→ **TO DO**: Quote exactly the lines from the one with "this 1270×952 image." to the end of the data, both included; omit the pictures.

Recorded data:
● ● ● ● ●

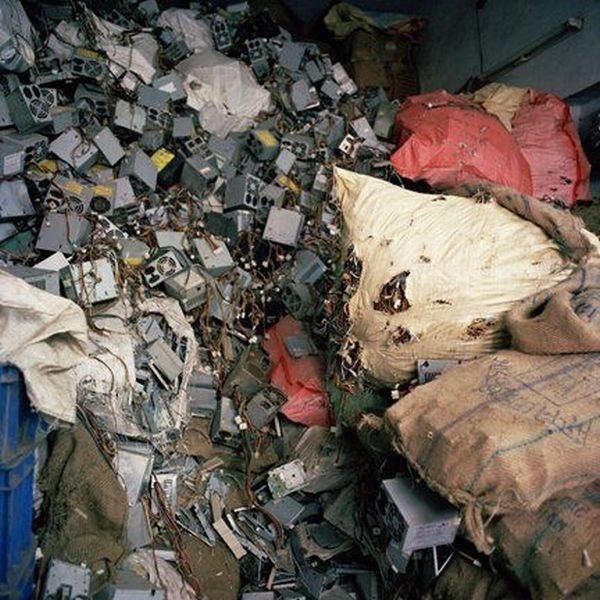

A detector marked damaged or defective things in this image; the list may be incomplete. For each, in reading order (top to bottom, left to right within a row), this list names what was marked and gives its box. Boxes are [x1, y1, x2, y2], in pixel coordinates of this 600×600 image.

torn white fabric [156, 8, 214, 54]
torn white fabric [177, 50, 274, 136]
torn white fabric [0, 270, 88, 422]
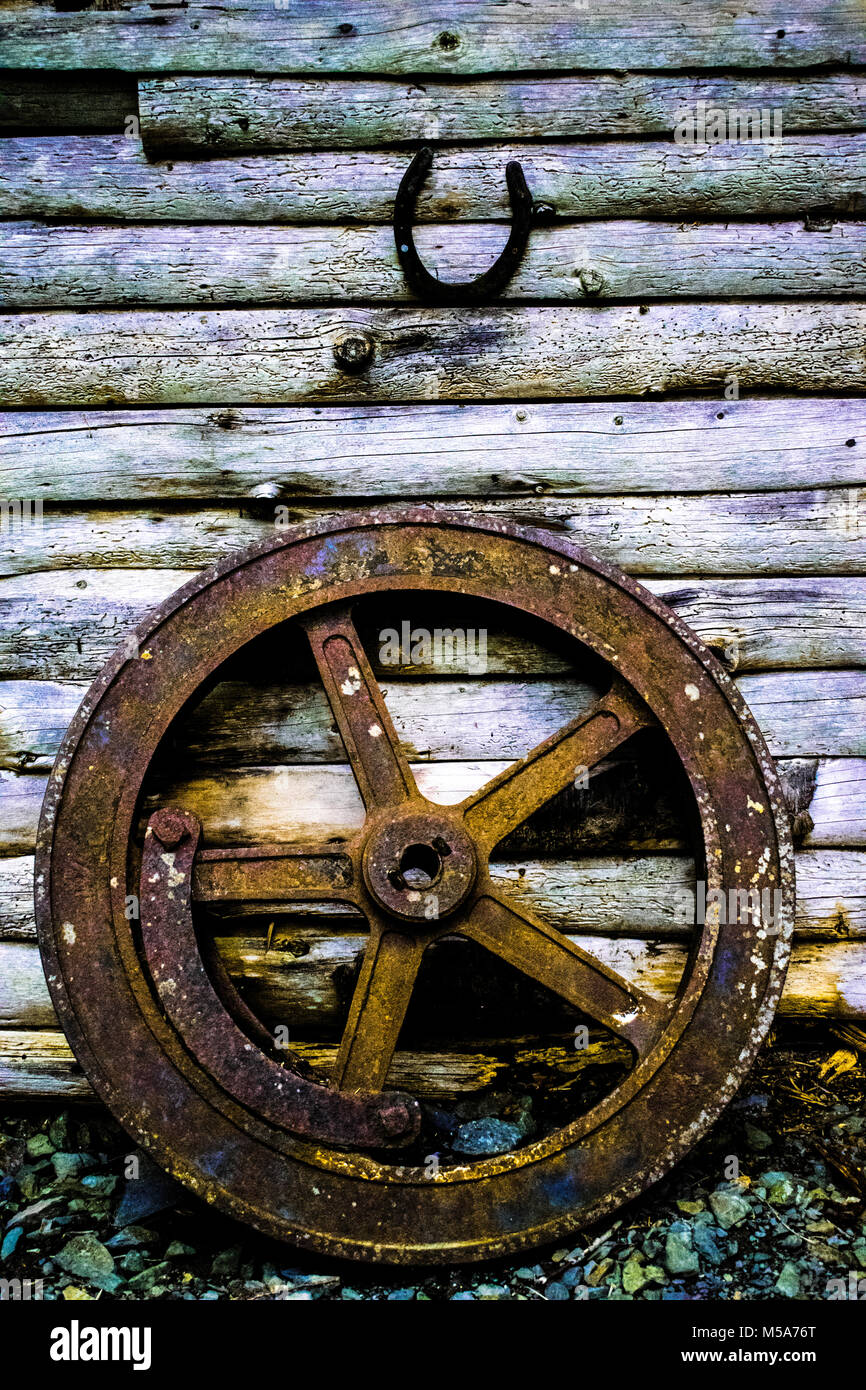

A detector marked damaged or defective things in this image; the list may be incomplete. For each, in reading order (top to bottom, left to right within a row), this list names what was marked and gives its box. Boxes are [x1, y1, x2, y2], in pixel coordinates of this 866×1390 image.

rusty cast iron wheel [35, 512, 788, 1272]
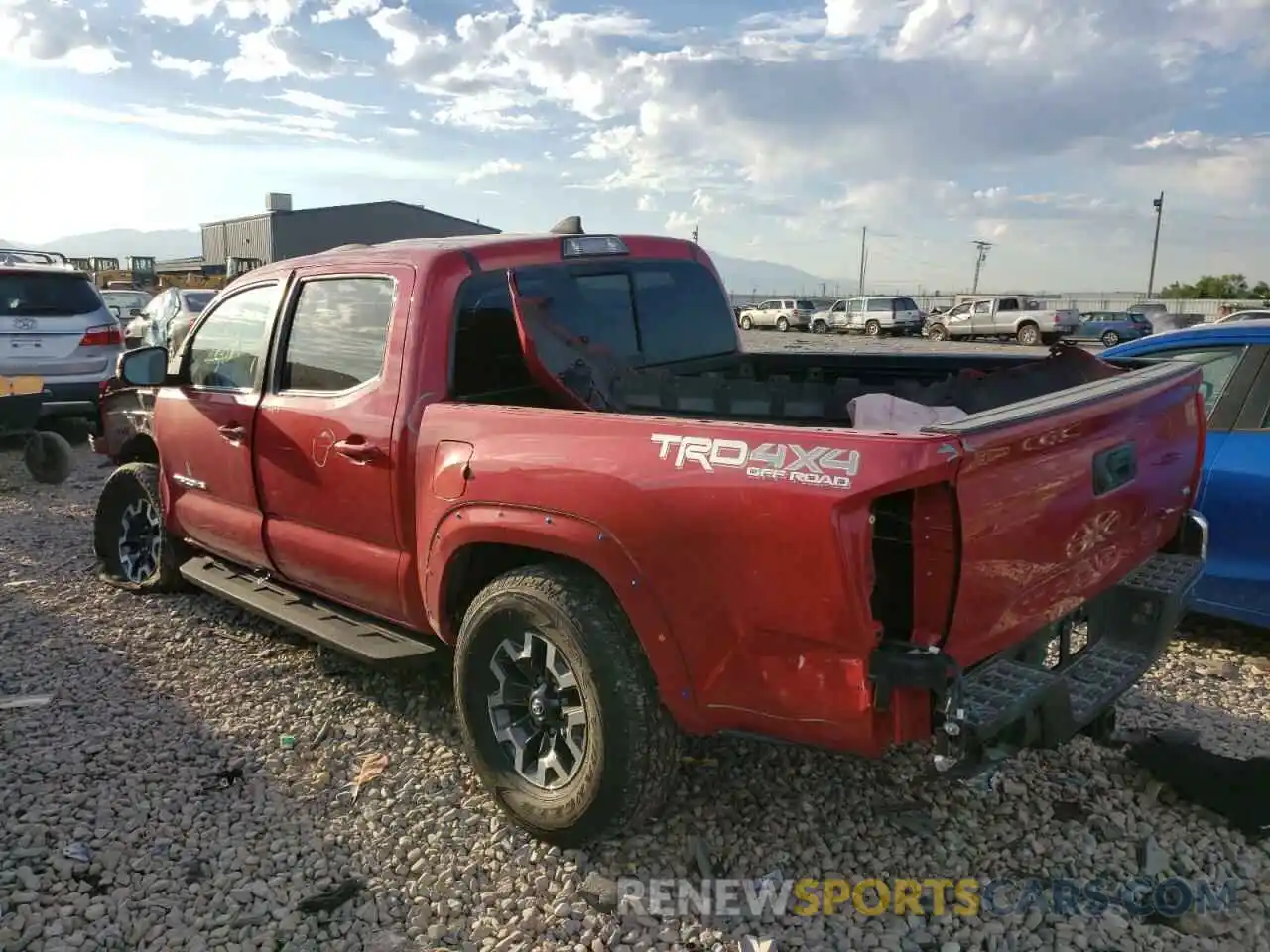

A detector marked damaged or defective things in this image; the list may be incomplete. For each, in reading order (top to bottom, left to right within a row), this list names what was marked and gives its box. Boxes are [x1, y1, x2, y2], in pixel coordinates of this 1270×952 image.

damaged truck bed [96, 225, 1206, 849]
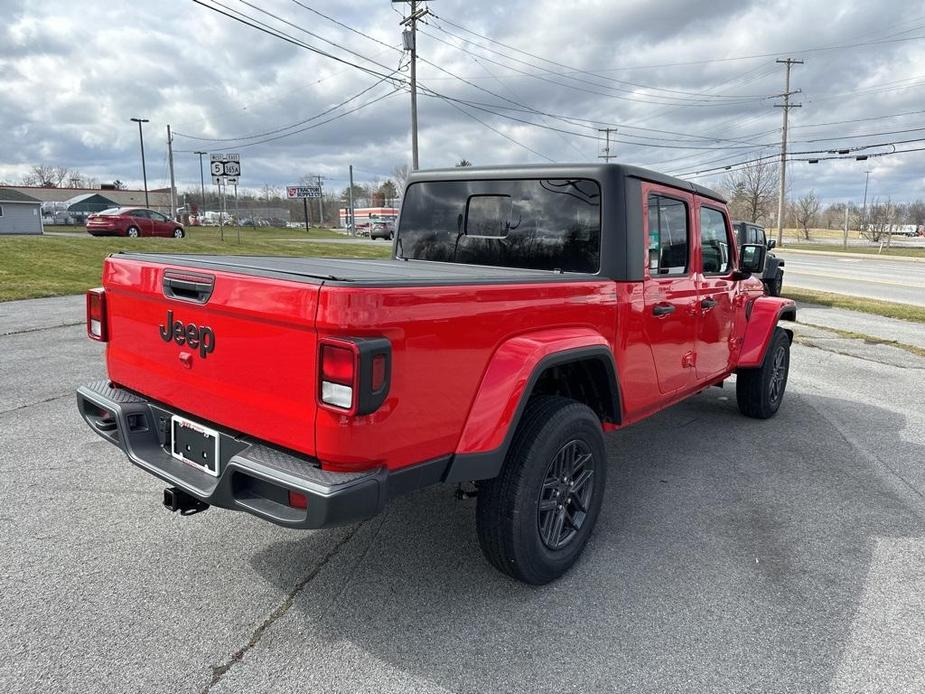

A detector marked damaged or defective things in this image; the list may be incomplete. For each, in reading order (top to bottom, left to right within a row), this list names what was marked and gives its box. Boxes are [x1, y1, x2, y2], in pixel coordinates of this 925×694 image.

pavement crack [199, 524, 360, 692]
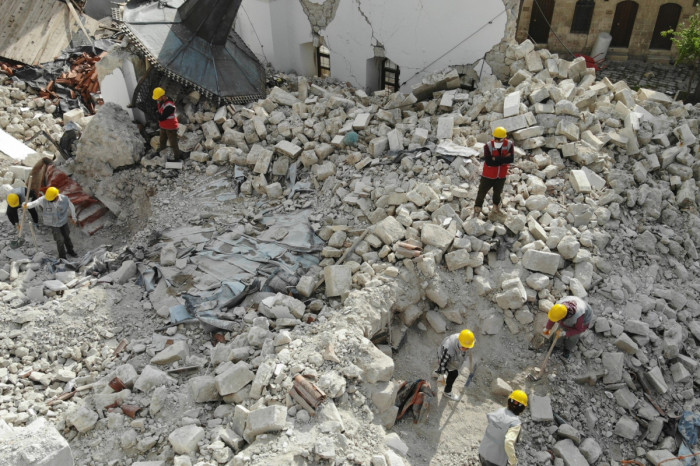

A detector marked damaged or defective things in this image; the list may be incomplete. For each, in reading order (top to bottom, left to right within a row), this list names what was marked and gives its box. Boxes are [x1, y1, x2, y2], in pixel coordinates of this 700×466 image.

rusted metal sheet [0, 0, 100, 65]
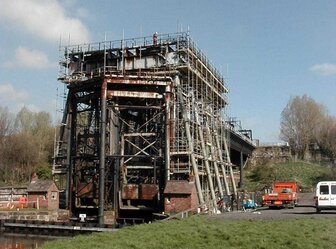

● ● ● ● ●

→ **TASK RESPONSE**:
A detector marked damaged or defective things in this image; the list may be incomplete. For each, in reading order (top to bottom, left to right within a row), this list names what was marked and gives its box. Boxes are [x1, y1, x2, y2], in pixel coordinates of this 1270×952 image.

damaged truck bed [96, 225, 1206, 849]

A detector marked damaged or defective things in this image; the list may be incomplete. For each, in reading order (top to bottom, left to right within a row), this list names what was marked and gives its box. Boxes are [x1, y1, x2, y2], in pixel coordinates of this 925×694 image.

pavement crack [199, 524, 360, 692]

A detector marked damaged or defective things in this image; the list may be incomplete. For each, in reading order (top to bottom, left to right within a row), this list names what was marked and gives its box. Boxes are [x1, y1, x2, y2], in pixel coordinates of this 700×466 image.

rusted metal sheet [0, 0, 100, 65]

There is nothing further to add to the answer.